The Sunday convergence, with or without tequila, stems from a friendship between Nieto and Schy that started in 1978 when Nieto, then 30 and weighing 35 pounds less, was head waiter and Schy, then 20, was a line cook at Le Francais restaurant in Wheeling.
”We always had warm, good feelings toward each other, right from the beginning,” Nieto says.
”We used to always call each other `partner,”` Schy says. ”When Carlos opened his restaurant (in 1980), he asked me to be one of his chefs, but I knew I was too young. I wasn`t ready.”
Instead, Schy went to California for several years before returning to Chicago in 1986 to open Hat Dance, a Lettuce Entertain You Enterprises restaurant. He took his wife, also named Deborah, to Carlos for a wedding anniversary.
”I always knew Carlos could cook because he had invited us once to an outdoor Mexican barbecue in his back yard,” Schy says.
”We have been talking about doing this for a while.”
Actually, Nieto probably will be a natural in the Hat Dance kitchen. He`s from Mexico and grew up with Mexican cooking, so he knows his moles and salsas.
Sunday`s menu at Hat Dance will be a la carte; customers can order a mixture of Nieto and Schy, or all of one or the other.
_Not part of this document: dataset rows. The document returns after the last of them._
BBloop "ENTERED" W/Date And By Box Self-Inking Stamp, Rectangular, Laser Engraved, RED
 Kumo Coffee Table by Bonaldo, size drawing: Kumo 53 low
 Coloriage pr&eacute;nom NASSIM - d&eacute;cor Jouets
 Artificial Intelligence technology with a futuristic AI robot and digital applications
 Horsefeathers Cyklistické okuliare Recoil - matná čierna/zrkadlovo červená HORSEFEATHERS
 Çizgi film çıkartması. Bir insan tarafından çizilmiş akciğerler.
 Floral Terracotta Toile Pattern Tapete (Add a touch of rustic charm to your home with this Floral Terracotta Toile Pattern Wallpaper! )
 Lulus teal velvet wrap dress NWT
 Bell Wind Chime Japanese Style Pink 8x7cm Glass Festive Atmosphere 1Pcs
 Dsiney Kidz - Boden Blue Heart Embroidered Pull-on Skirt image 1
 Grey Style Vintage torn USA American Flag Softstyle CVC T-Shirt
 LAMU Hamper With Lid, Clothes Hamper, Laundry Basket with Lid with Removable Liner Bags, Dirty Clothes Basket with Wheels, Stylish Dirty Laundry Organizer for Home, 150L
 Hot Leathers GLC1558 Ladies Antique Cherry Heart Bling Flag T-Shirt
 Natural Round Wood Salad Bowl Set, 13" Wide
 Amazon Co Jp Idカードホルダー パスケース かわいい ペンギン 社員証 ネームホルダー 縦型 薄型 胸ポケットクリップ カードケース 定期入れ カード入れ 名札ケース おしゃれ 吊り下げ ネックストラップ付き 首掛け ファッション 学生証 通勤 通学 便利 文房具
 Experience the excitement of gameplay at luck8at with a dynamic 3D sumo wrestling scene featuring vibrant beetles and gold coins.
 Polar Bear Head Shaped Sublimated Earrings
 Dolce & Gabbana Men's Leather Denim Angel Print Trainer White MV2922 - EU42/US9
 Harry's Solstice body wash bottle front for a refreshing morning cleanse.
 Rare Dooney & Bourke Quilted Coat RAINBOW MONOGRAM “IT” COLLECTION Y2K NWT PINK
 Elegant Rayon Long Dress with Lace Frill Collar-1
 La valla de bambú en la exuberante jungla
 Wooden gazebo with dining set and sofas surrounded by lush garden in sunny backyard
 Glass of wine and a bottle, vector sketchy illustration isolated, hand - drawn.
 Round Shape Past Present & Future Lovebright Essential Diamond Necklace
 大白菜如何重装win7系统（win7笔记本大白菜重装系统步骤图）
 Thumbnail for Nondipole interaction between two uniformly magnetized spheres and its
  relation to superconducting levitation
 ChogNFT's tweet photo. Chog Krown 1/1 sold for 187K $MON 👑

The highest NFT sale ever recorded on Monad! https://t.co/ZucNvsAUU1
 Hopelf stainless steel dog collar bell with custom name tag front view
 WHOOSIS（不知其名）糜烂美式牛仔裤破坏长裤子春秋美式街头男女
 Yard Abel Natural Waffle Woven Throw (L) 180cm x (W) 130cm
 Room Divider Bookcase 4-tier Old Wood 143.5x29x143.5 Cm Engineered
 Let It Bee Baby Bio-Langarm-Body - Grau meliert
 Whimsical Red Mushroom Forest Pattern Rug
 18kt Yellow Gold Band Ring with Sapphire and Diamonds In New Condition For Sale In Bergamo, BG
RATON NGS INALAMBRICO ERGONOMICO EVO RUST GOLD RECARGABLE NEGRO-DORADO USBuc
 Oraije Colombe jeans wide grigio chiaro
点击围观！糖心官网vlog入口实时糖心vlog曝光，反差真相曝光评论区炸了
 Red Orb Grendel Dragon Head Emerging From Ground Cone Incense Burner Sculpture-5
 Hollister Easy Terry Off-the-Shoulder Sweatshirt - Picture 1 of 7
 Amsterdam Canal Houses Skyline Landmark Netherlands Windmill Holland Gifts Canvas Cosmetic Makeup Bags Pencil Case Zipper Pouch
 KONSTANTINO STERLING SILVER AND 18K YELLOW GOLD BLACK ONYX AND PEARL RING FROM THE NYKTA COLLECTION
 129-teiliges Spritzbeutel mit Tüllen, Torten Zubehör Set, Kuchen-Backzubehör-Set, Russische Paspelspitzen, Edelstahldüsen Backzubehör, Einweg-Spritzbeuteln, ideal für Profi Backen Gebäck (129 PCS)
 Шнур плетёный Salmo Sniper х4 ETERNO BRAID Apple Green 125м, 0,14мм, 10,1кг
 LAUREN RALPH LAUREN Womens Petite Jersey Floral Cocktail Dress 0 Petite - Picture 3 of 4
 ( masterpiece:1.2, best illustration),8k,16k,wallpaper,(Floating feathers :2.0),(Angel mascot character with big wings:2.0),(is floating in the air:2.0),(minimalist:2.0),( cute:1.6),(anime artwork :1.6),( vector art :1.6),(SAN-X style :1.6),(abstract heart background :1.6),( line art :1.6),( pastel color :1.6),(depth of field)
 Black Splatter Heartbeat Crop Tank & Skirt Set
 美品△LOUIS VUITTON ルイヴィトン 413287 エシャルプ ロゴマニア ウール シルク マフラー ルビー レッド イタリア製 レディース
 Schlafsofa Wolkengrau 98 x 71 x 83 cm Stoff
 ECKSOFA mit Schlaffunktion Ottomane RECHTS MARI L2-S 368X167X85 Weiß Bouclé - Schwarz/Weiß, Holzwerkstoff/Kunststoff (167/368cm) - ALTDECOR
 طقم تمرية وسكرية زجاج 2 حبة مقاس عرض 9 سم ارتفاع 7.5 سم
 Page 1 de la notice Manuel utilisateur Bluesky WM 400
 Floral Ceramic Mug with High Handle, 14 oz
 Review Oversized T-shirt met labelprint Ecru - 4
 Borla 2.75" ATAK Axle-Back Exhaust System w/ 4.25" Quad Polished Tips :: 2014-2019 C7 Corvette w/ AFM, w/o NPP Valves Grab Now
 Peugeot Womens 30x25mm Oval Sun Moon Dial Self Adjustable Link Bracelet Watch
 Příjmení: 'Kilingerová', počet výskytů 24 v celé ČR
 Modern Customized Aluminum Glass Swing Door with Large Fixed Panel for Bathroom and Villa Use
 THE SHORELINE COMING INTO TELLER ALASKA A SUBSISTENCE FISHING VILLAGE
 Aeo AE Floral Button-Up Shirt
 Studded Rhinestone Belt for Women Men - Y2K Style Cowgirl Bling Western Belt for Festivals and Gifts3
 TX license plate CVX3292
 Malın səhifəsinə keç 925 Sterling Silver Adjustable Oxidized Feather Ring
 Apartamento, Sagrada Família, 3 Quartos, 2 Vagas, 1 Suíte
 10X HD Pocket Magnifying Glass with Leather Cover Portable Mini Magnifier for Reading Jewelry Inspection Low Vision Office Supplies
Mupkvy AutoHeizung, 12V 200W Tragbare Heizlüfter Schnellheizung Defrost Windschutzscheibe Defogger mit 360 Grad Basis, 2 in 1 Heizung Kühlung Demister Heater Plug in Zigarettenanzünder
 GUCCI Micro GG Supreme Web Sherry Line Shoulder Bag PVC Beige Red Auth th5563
For reservations or more information, call 312-649-0066.
SCALLOP AND ASPARAGUS BROCHETTES WITH SUN-DRIED TOMATO SALSA
Preparation time: 20 minutes
Standing time: 1 hour
Cooking time: 4 to 6 minutes
Yield: 4 servings
Salsa:
1 1/2 ounces sun-dried tomatoes (not oil packed), finely chopped
8 pitted green olives, chopped
1 green onion, sliced
1/2 small yellow bell pepper, finely diced
1 serrano chili pepper, seeded if desired, minced
Grated rind and juice of 1 orange
Grated rind and juice of 1 lime
Juice of 1 lemon
1/2 cup olive oil
1/4 cup white wine vinegar
Salt, fresly ground pepper to taste
Brochettes:
8 slender asparagus spears
1-2 tablespoons olive oil
Salt, freshly ground pepper to taste
1 pound sea scallops
1. For the salsa, mix all ingredients in a medium bowl. Let stand at least 1 hour before using. Salsa can be made in advance, covered tightly and refrigerated.
2. With a small, sharp knife, shape the end of the asparagus spears into a sharp tip. Brush asparagus spears with oil and season with salt and pepper. Thread scallops onto the 8 asparagus spears, dividing evenly.
3. Preheat broiler. Arrange skewered spears on a baking sheet. Broil, 6 inches from heat source, turning once, until scallops are cooked through, 4 to 6 minutes. Serve with salsa.